=== Section Start ===
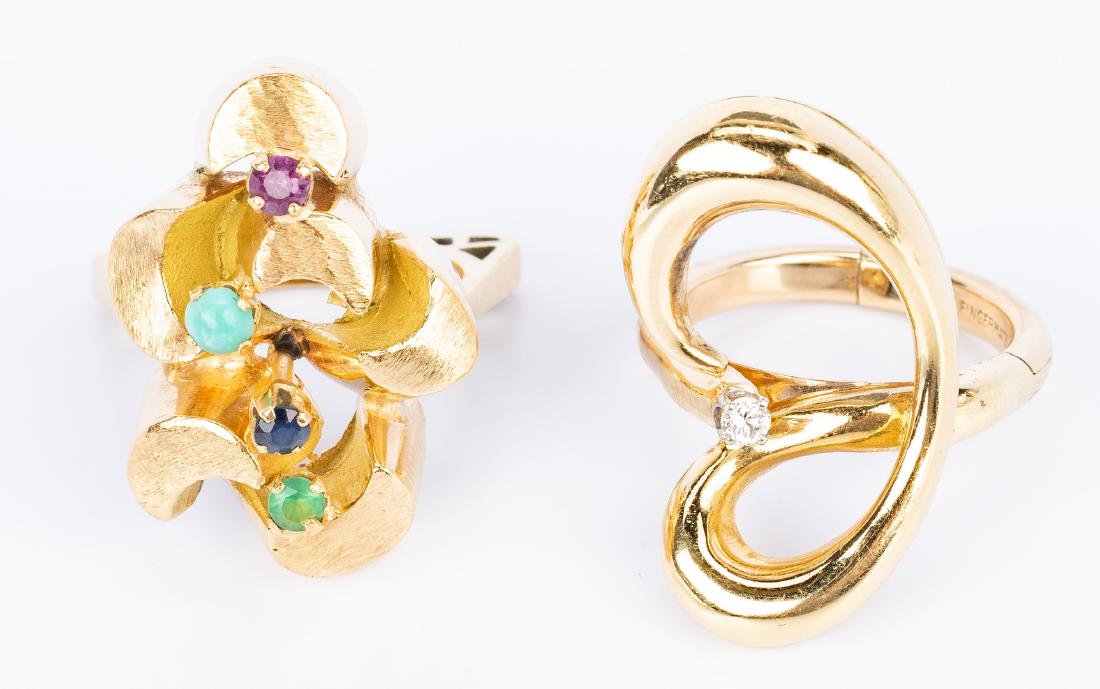 2 Gold Fashion Rings, 18K and 14K: Two (2) Gold Fashion Rings. 1st item: 18K yellow gold modern design satin and bright gold ring with four assorted round natural gemstones. Marked FAE, 18K on inside. 1-1/16" H top. Ring size: 6-1/2. 1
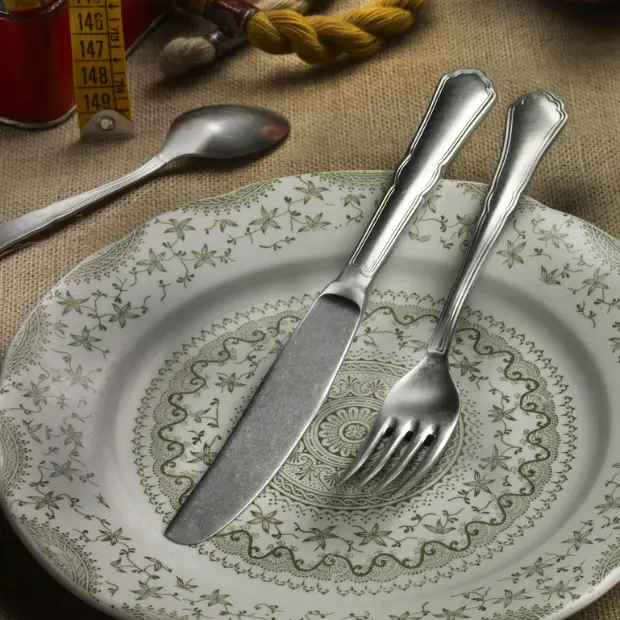 Glassware UK Pintinox Settecento stone-washed table knife, stainless steel cutlery with a sleek, modern design, shown on a plain background.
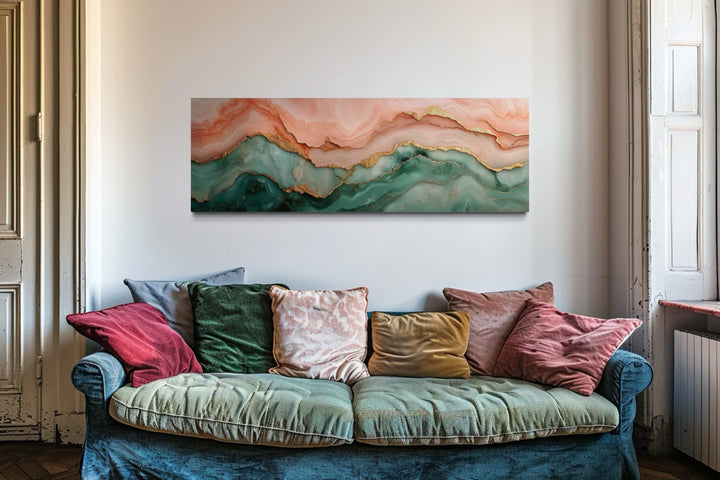 Sage green and blush pink abstract marble canvas wall art above a velvet sofa with colorful pillows.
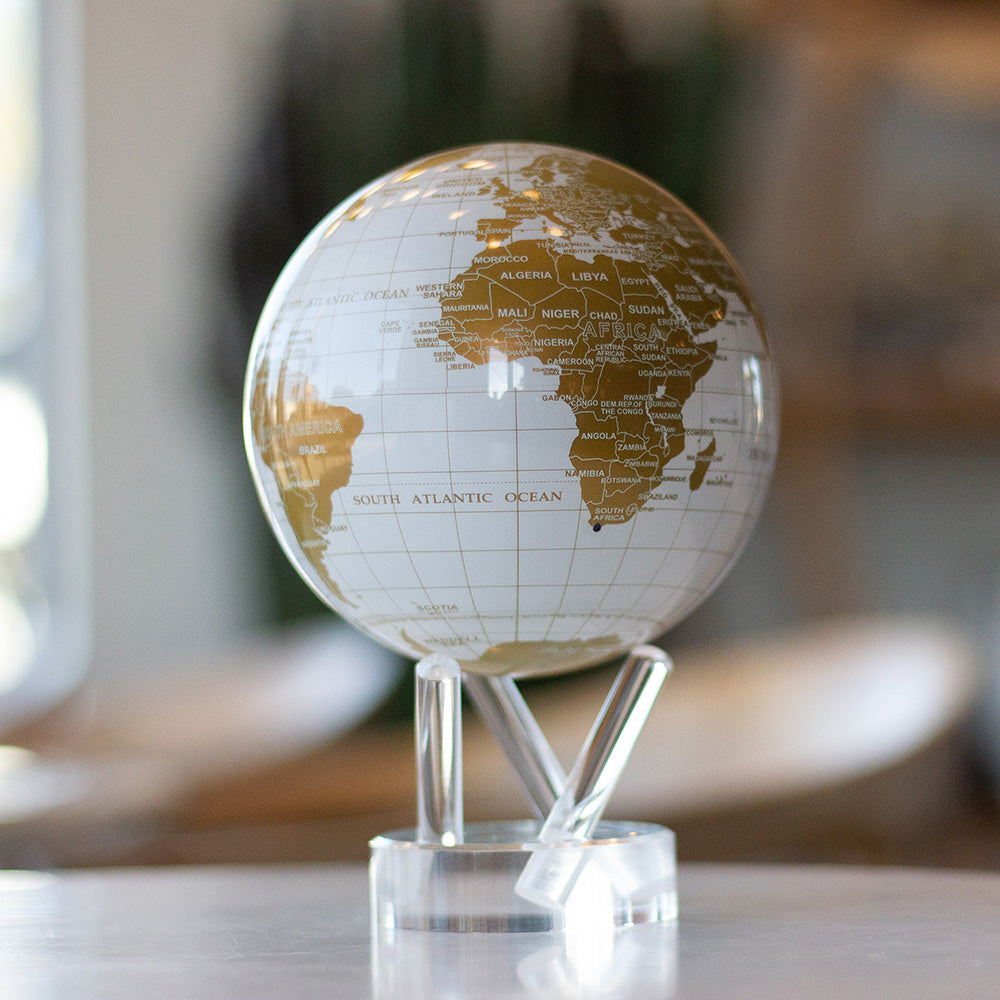 WHITE AND GOLD GLOBE Features latitude and longitude lines - MOVA EU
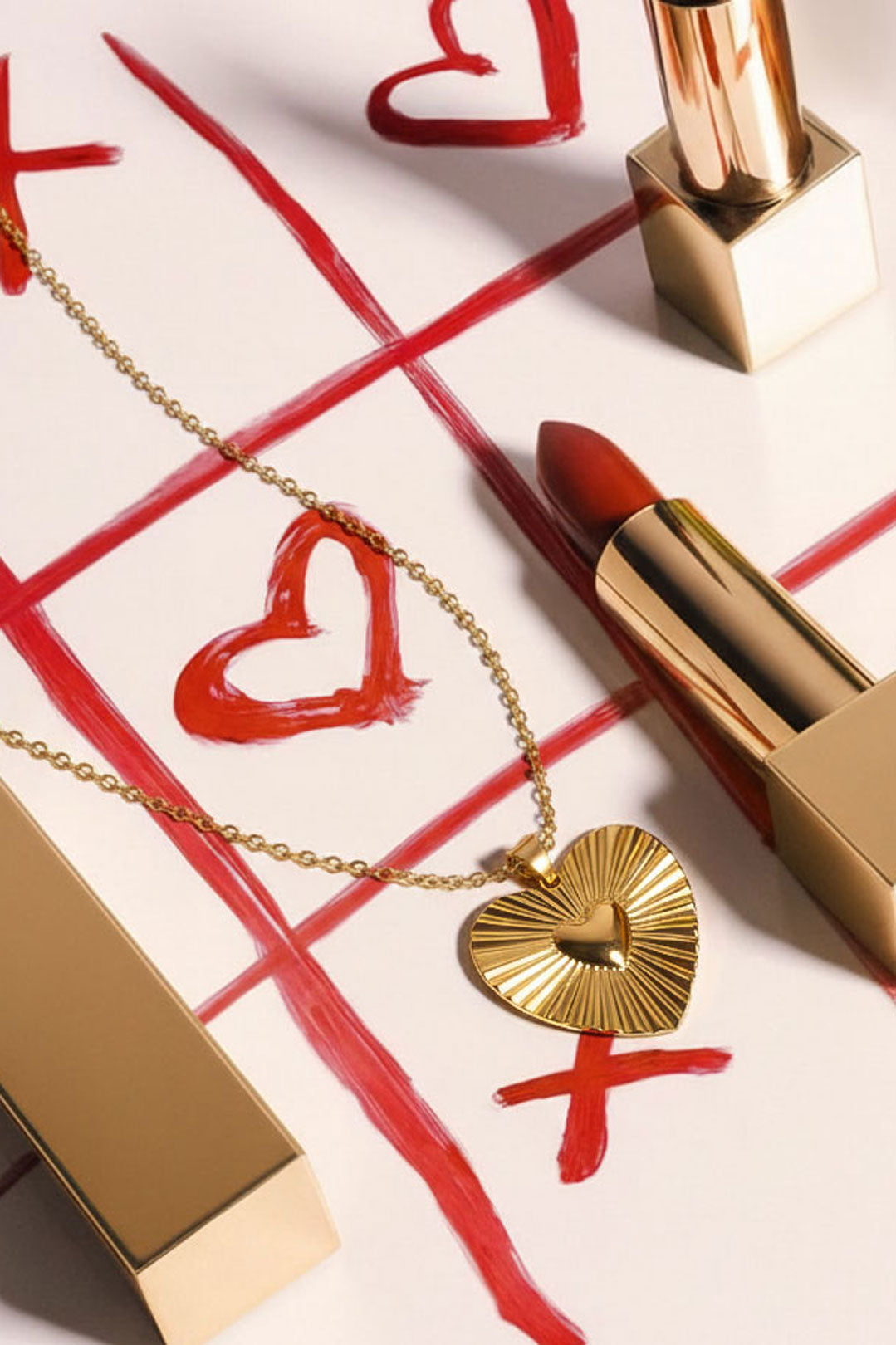 Close-up of gold heart pendant necklace with sunburst pattern placed on tic-tac-toe game grid with lipstick props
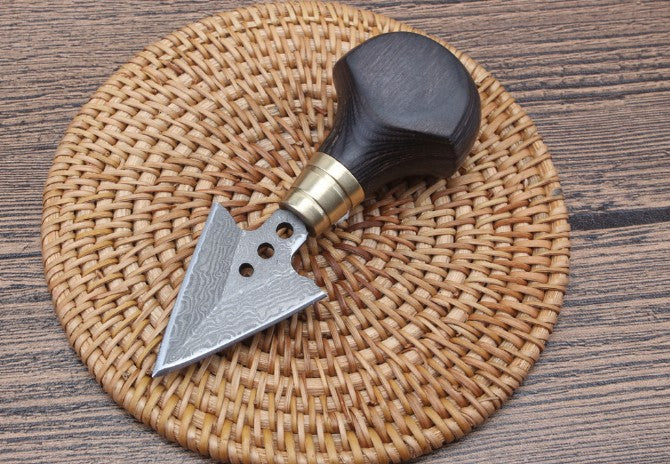 Ebony arrowhead hand stiletto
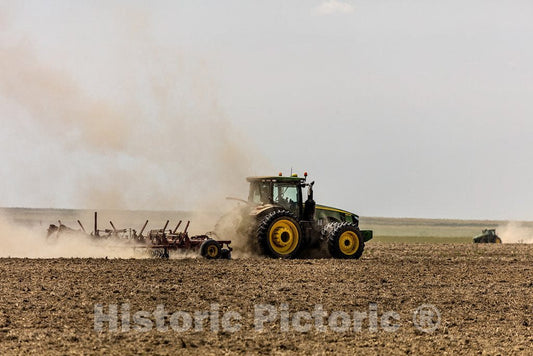 Bristol, CO Photo - A Farmer Kicks up dust as he readies The Ground for Planting Near Bristol in Prowers County, Colorado.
=== Section End ===
Reproduce, unchanged, each line between the one with "Glassware UK Pintinox" and the last line of the material, both included; the pictures do not go in.

 Glassware UK Pintinox Settecento stone-washed table knife, stainless steel cutlery with a sleek, modern design, shown on a plain background.
 Sage green and blush pink abstract marble canvas wall art above a velvet sofa with colorful pillows.
 WHITE AND GOLD GLOBE Features latitude and longitude lines - MOVA EU
 Close-up of gold heart pendant necklace with sunburst pattern placed on tic-tac-toe game grid with lipstick props
 Ebony arrowhead hand stiletto
 Bristol, CO Photo - A Farmer Kicks up dust as he readies The Ground for Planting Near Bristol in Prowers County, Colorado.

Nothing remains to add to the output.